A high-efficiency SPECT system provided high quality and diagnostically accurate images for detecting coronary artery disease in obese patients, even morbidly obese patients, researchers reported in the April issue of the Journal of Nuclear Cardiology.

Obesity increases the risk of cardiovascular disease and it also poses challenges for cardiologists and radiologists who want to evaluate these patients because soft tissue may create artifacts. Ryo Nakazato, PhD, of Cedars-Sinai Medical Center in Los Angeles, and colleagues wanted to assess the image quality and diagnostic value of new high-efficiency SPECT cameras using multiple pinhole collimation with cadmium-zinc-telluride (CZT) semiconductor detectors in this patient population.

The system already has been validated by coronary angiography for detecting coronary artery disease, they pointed out. The pinhole collimation design also “is relatively easily positioned, even in the severely obese patients.”

Nakazato et al enrolled 118 consecutive patients at three centers between 2008 and 2013 with a body mass index (BMI) of 35 kg/m2 or greater with suspected CAD. The patients underwent rest/stress high-efficiency SPECT myocardial perfusion imaging (MPI) in upright and supine positions. Their mean BMI was 43.6 kg/m2 with the heaviest at 79.7 kg/m2.

For validation, they compared high-efficiency SPECT with invasive coronary angiography in 67 obese patients who had angiography within six months of the SPECT test.

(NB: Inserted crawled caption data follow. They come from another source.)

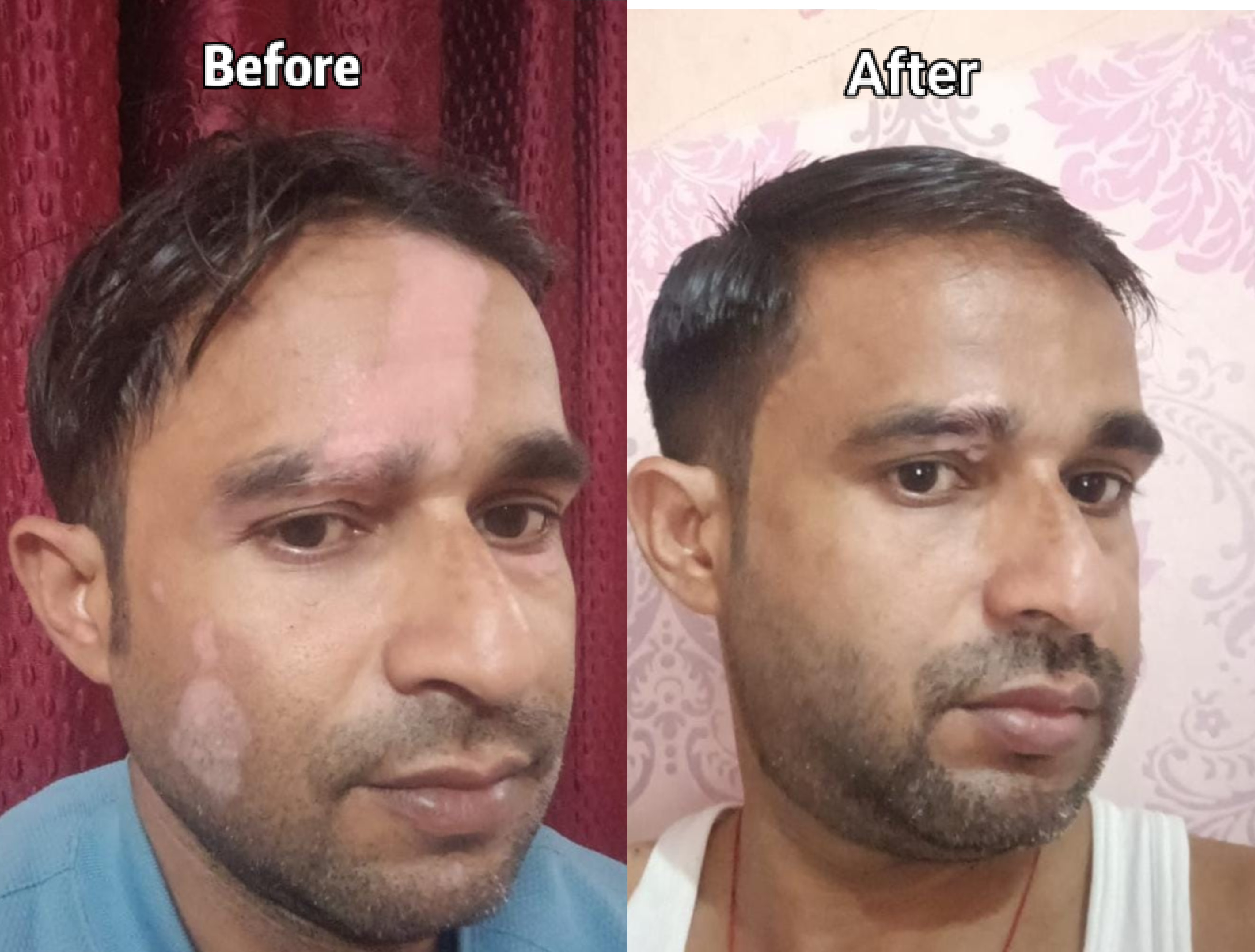 Patient before and after photo 3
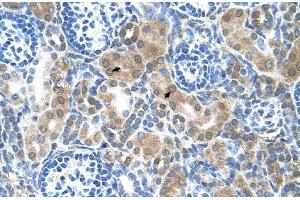 Immunohistochemistry (IHC) image for anti-Cystathionine-beta-Synthase (CBS) (N-Term) antibody (ABIN2782348)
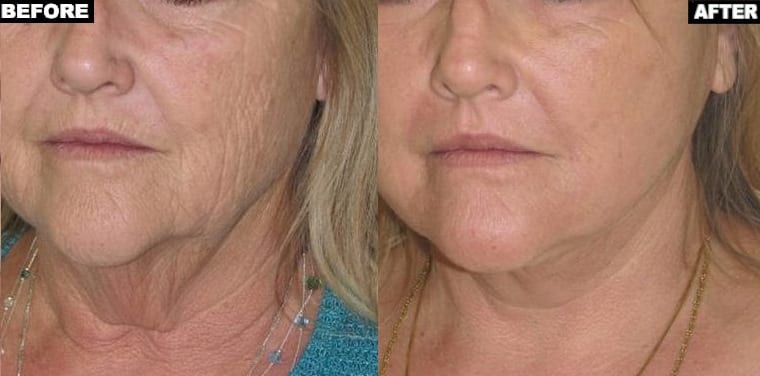 Sun damage treatment with Fraxel Repair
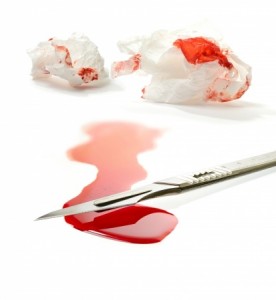 Concept stock image for clinical negligence or clinical malpractice
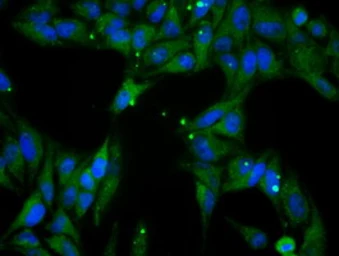 Anti-PPP5C antibody [3G1] used in Immunocytochemistry/ Immunofluorescence (ICC/IF). GTX83836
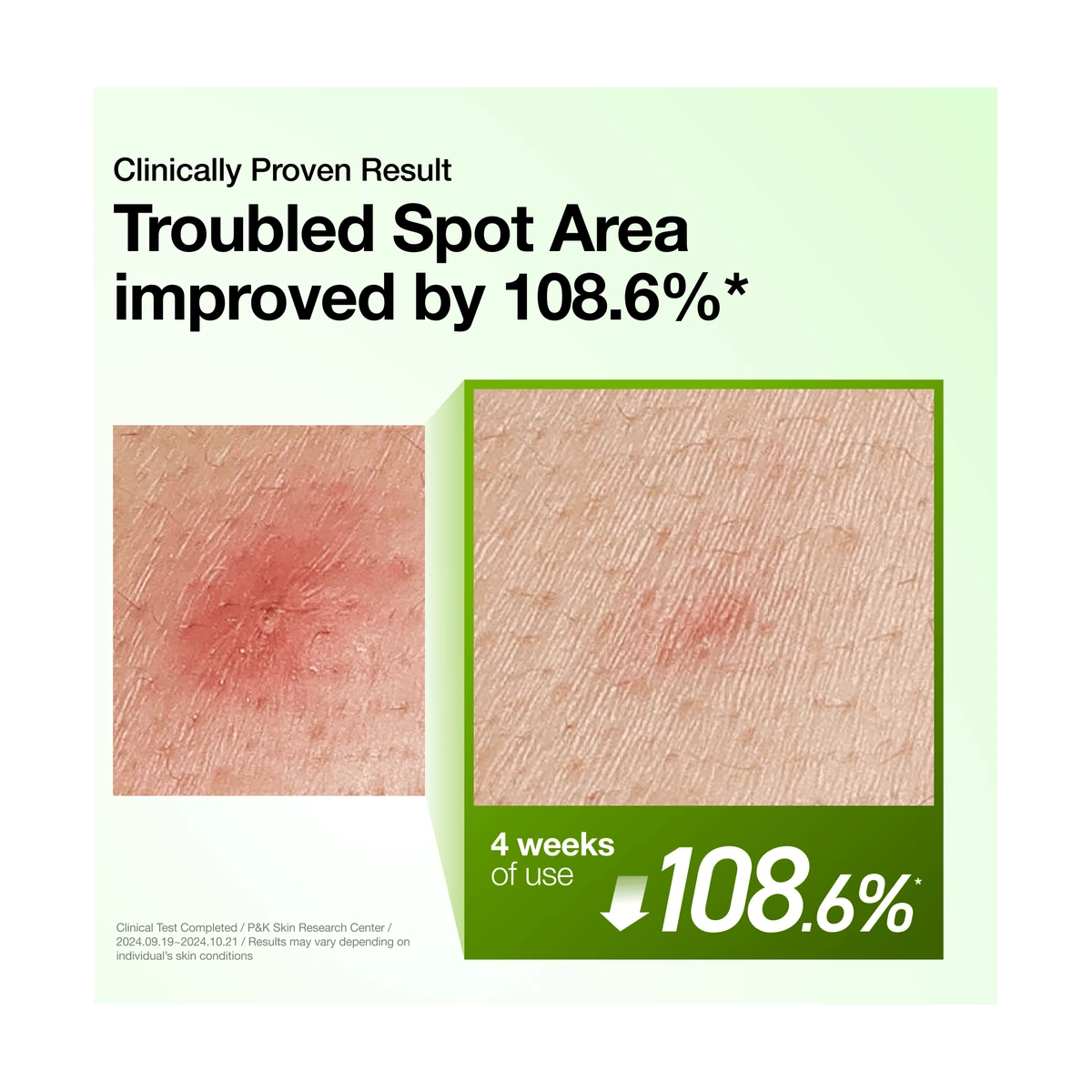 Azelaic Acid 10 Hyaluron Redness Soothing Serum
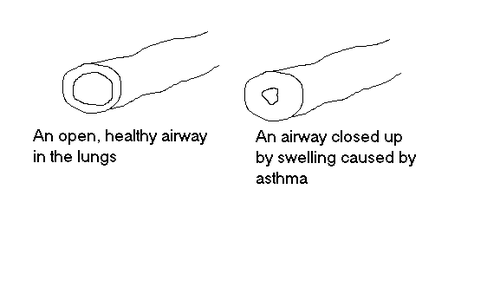 asthma blockage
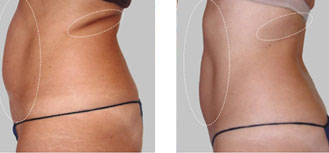 Cryolipolyse femme avant et après Cryolipolyse femme avant et après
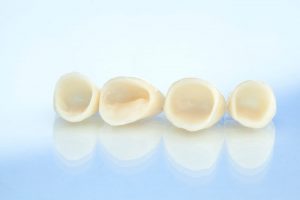 cheap dental implants abroad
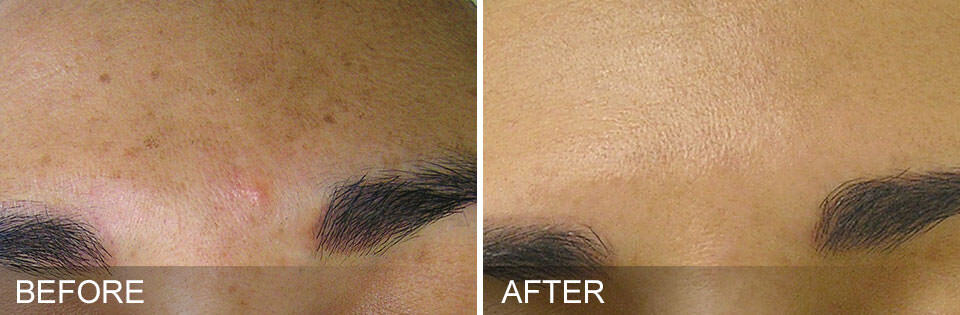 Close-up comparison of a forehead before and after HydraFacial treatment; the left side shows dark spots and blemishes, while the right side appears clear and even-toned.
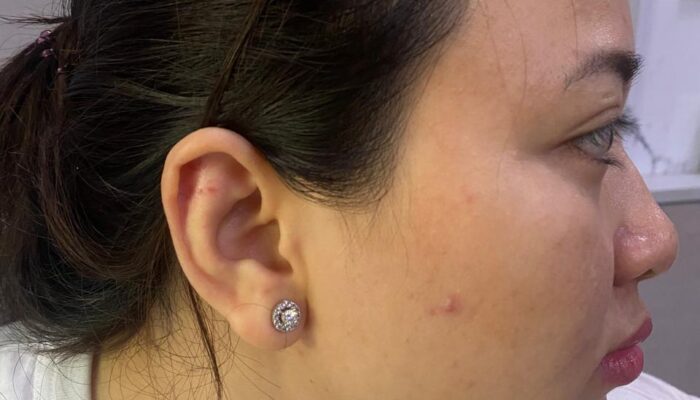 Dokter Kecantikan Laporkan Abang Kandung Kasus Penganiayaan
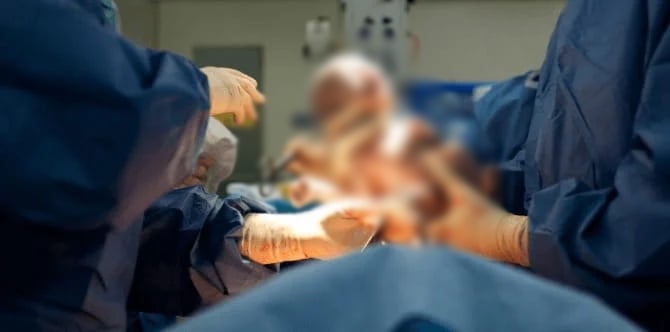 Kepala Bayi Putus, Tertinggal Dalam Rahim Ketika Bersalin -‘Saya Dipaksa Teran, Walaupun Bayi Songsang’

For the quantitative analysis, they assessed total perfusion deficit using upright images, supine images and a combination of both (U-TPD, S-TPS and C-TPD). For U-TPD, S-TPS and C-TPD, respectively, they calculated the receiver-operating characteristic curve was 0.8, 0.8 and 0.87; sensitivity/specificity was 82/57 percent, 74/71 percent and 80/82 percent; accuracy was 72 percent, 73 percent and 81 percent; and normalcy rates were 75 percent, 78 percent and 88 percent.

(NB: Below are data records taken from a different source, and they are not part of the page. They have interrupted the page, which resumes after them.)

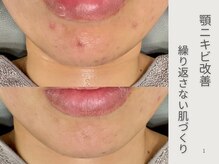 エン(en.)の雰囲気(繰り返す顎ニキビ改善)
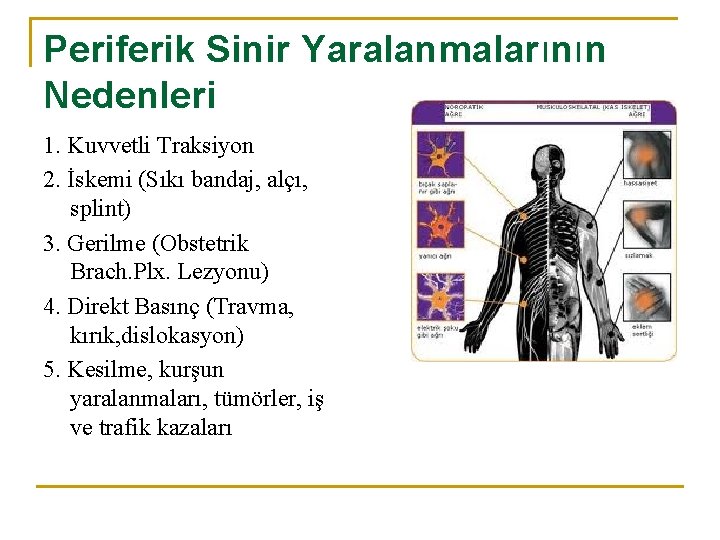 Periferik Sinir Yaralanmalarının Nedenleri 1. Kuvvetli Traksiyon 2. İskemi (Sıkı bandaj, alçı, splint) 3.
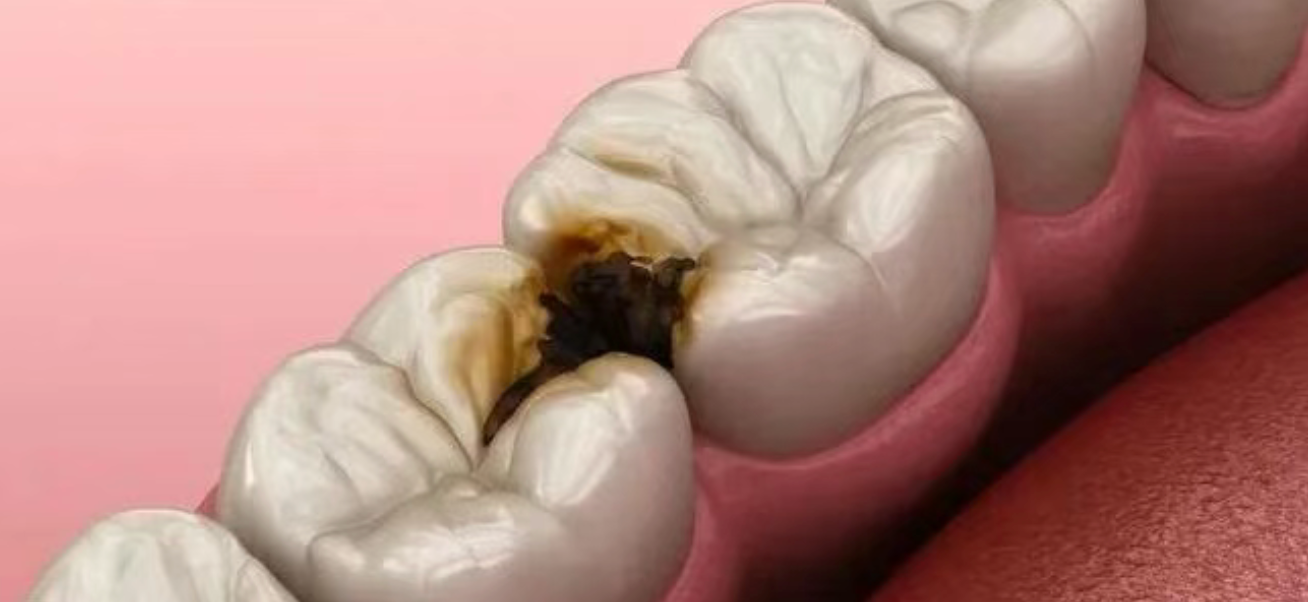 How did perfectly good teeth decay?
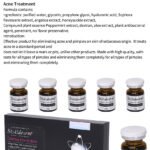 Acne treatment-Stalidearm Meso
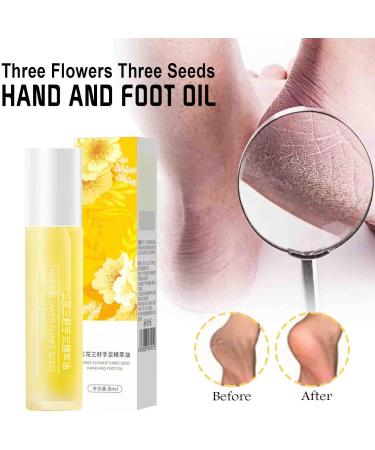Hand And Foot Essence Oil Foot And Hand Massage Oil Hand And Foot Oil Moisturizing Hand And Foot Cream For Smoother Skin Hand And Foot Oil Repairs Chapped Moisturizing On Hands And Feet - Buy Online on GoSupps.com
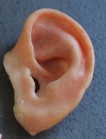 Mediprothèses-épithèse-auriculaire-de-jeune-fille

Image quality for stress and rest was similar when patients were stratified into three different BMI groups. “Image quality with this parallel hole CZT SPECT system was high in this population of consecutively selected obese patients, including 60 patients in the morbidly obese group. … Remarkably, none of the patients had a nondiagnostic stress SPECT study.”

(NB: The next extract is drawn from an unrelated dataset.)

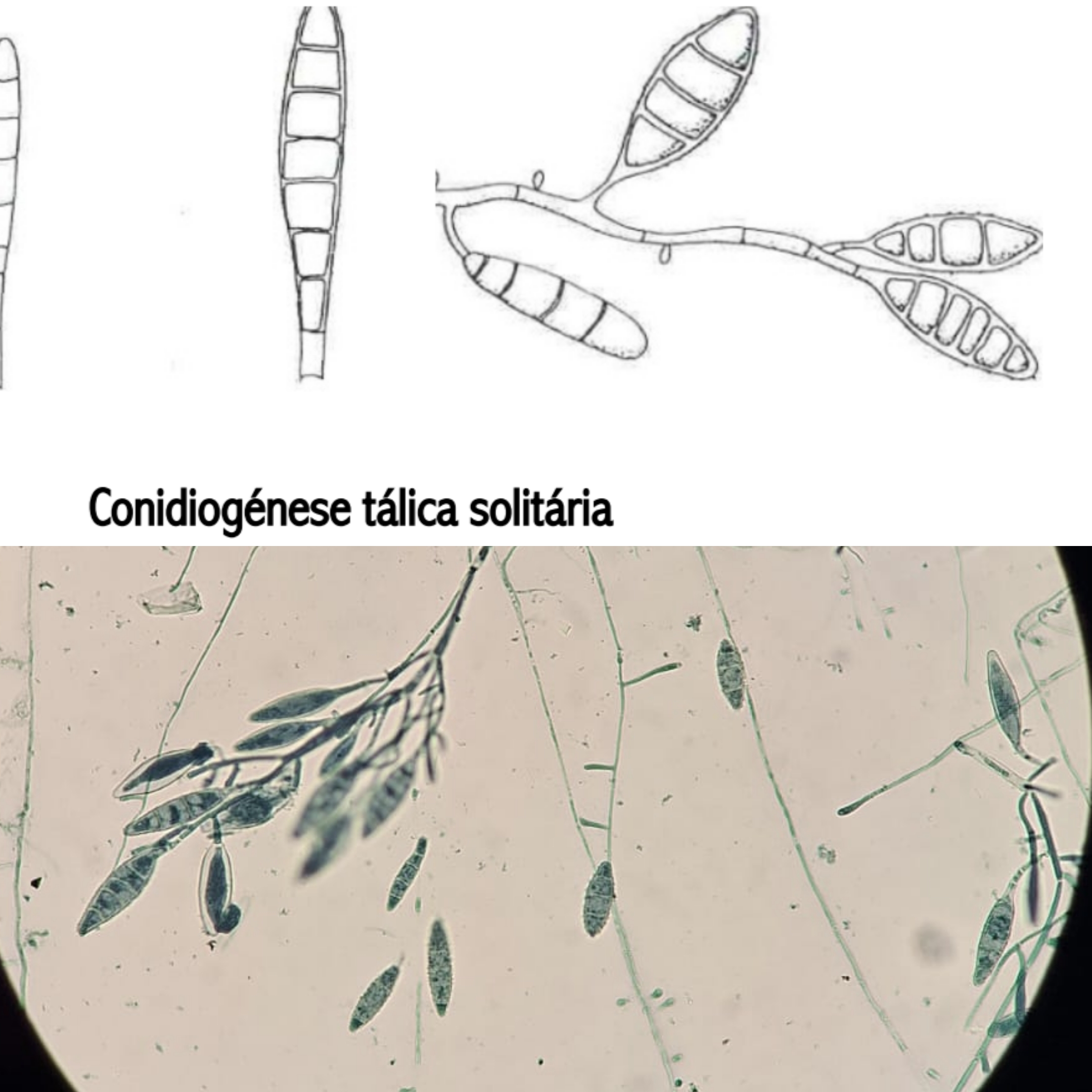 <p>Indica:</p><p class="has-focus">Se é fungo filamentoso inferior ou superior</p><p class="has-focus">O gênero do fungo</p><p class="has-focus">Características que o distingue</p>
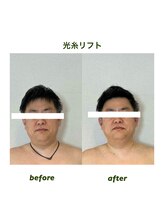アトリエドゥアージュ(Atelier de age)/男性もたるみケア[紹介のみ]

They wrote that accuracy was highest using combined imaging, as was specificity and normalcy rates. They also stressed that they used quantitative and visual assessment to interpret the studies and that the interpreters in their group were very experienced with studies using the camera system. They suggested centers without that expertise might employ quantitative analysis to achieve similar results.